• **About this task**
Every line from the one with "2021 Volkswagen Tharu" through the last line below should be repeated exactly; pictures stay out of the copy.

• **Stored data**
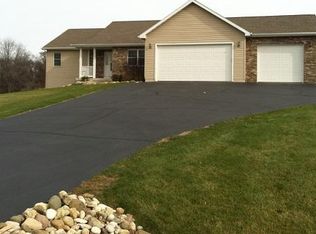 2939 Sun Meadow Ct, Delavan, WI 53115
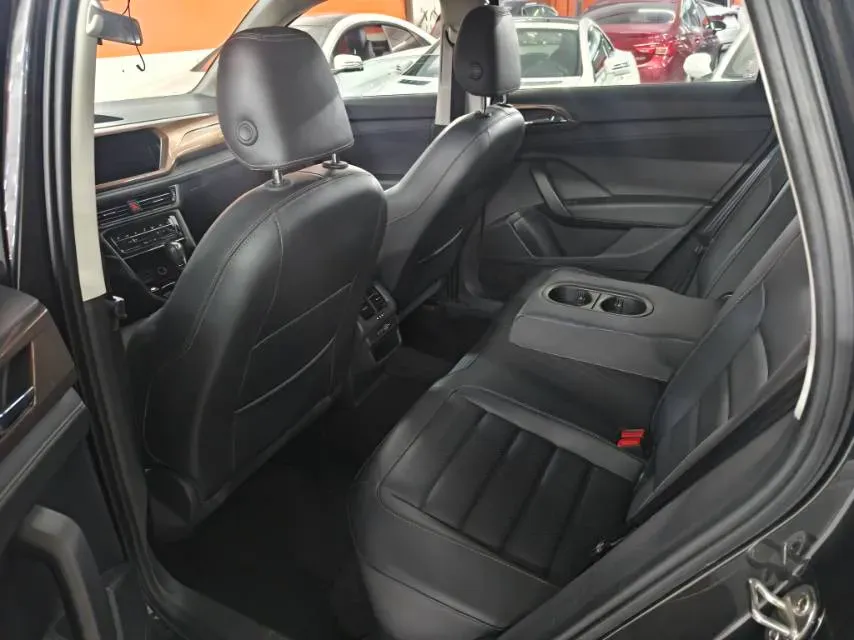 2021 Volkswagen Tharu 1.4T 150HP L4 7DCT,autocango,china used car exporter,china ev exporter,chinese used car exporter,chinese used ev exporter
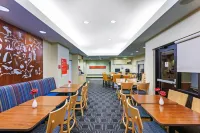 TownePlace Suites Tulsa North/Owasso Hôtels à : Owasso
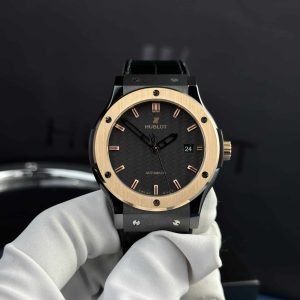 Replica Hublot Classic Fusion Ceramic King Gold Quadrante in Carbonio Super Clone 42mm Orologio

• **Solution to the exercise**
 2021 Volkswagen Tharu 1.4T 150HP L4 7DCT,autocango,china used car exporter,china ev exporter,chinese used car exporter,chinese used ev exporter
 TownePlace Suites Tulsa North/Owasso Hôtels à : Owasso
 Replica Hublot Classic Fusion Ceramic King Gold Quadrante in Carbonio Super Clone 42mm Orologio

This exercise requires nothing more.